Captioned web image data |
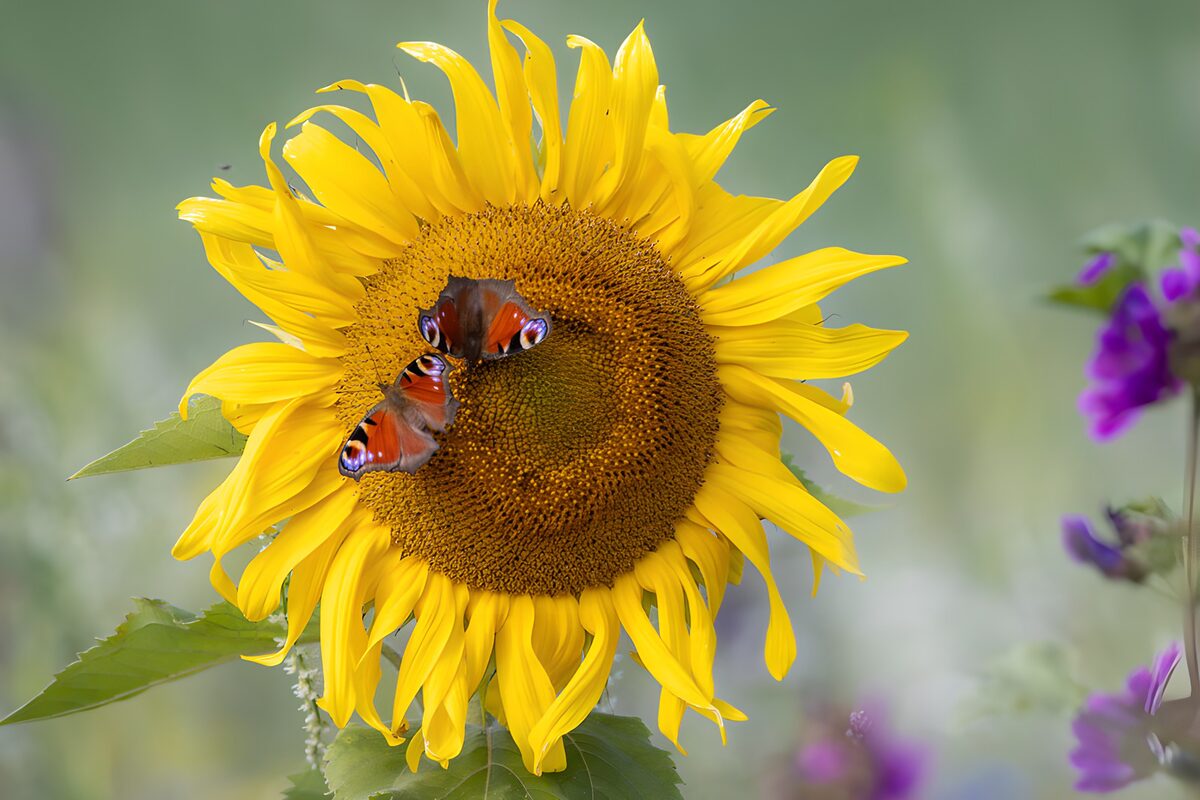 Zonnebloem met twee dagpauwogen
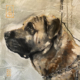 Portret van een Bull Mastiff, in opdracht overleden hond.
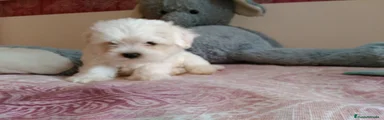 Bichón Maltés Cachorro 7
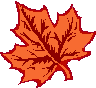 [maple leaf]
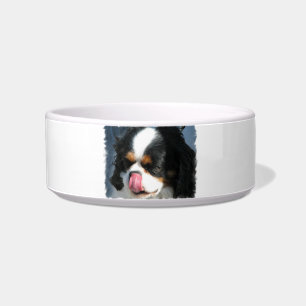 Comedero Tazón para mascotas perro spaniel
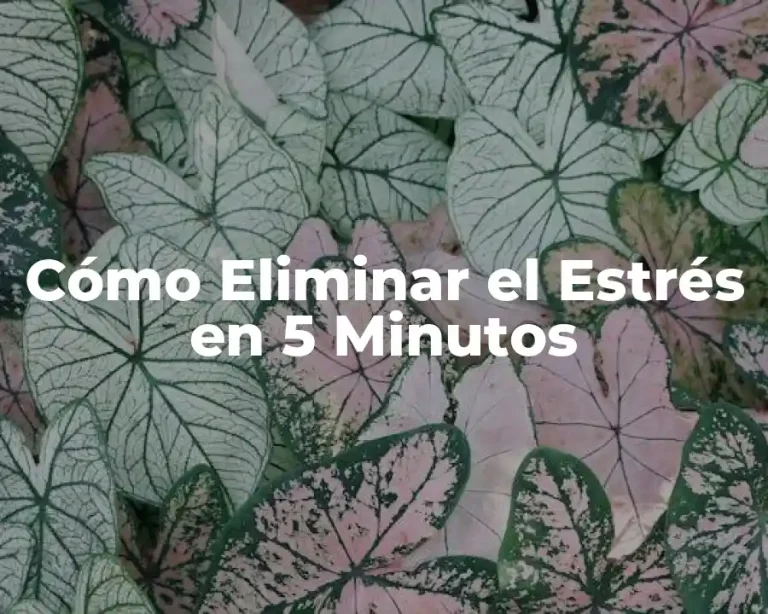 Cómo Eliminar el Estrés en 5 Minutos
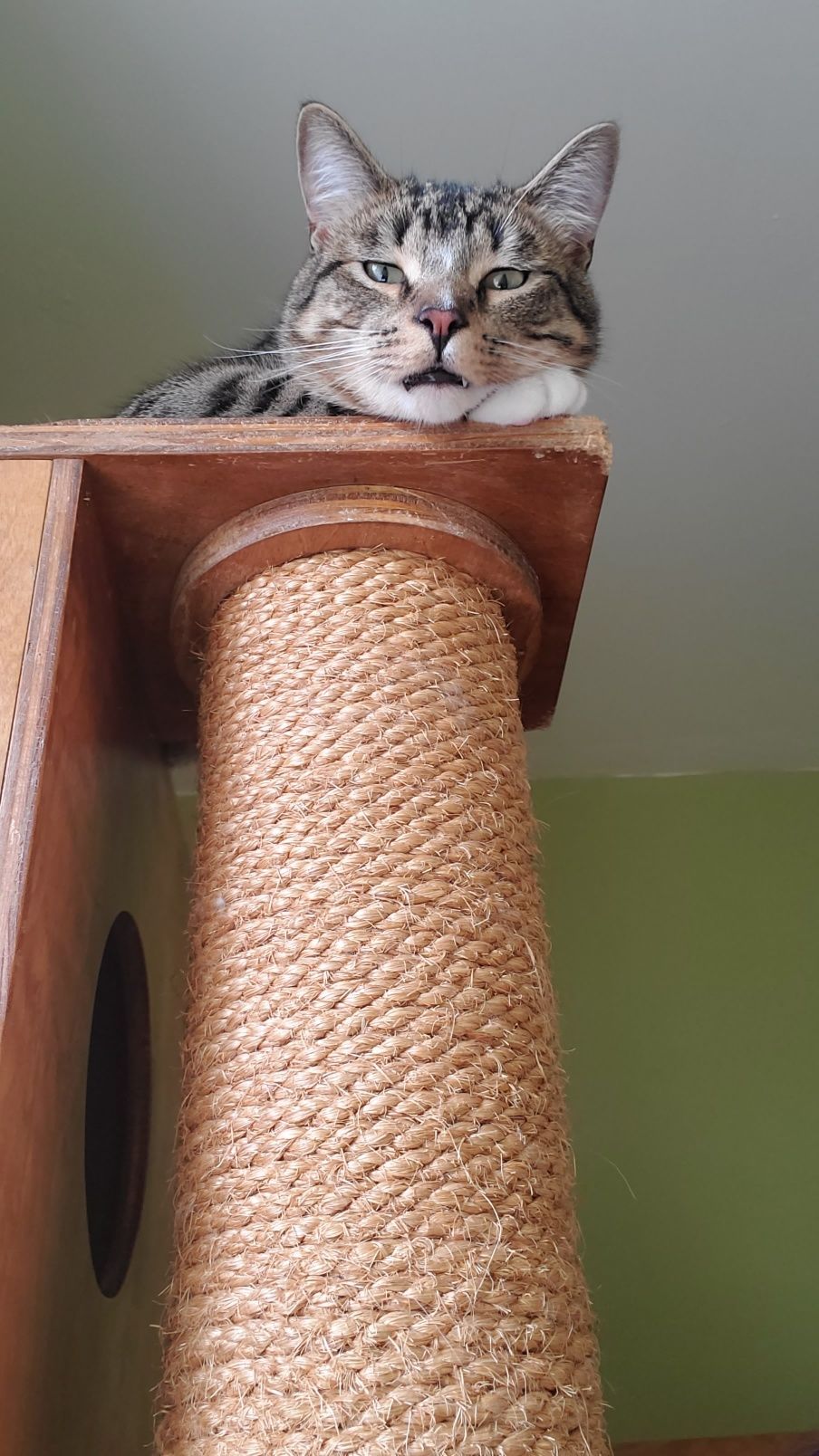 A cat is sitting on top of a cat tree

WHAT YOU ARE ASKED TO DO |
Leaving out every picture, transcribe exactly the lines from the line that contains "[maple leaf]" through the final line of the entries above.

RESULT OF THE TASK |
 [maple leaf]
 Comedero Tazón para mascotas perro spaniel
 Cómo Eliminar el Estrés en 5 Minutos
 A cat is sitting on top of a cat tree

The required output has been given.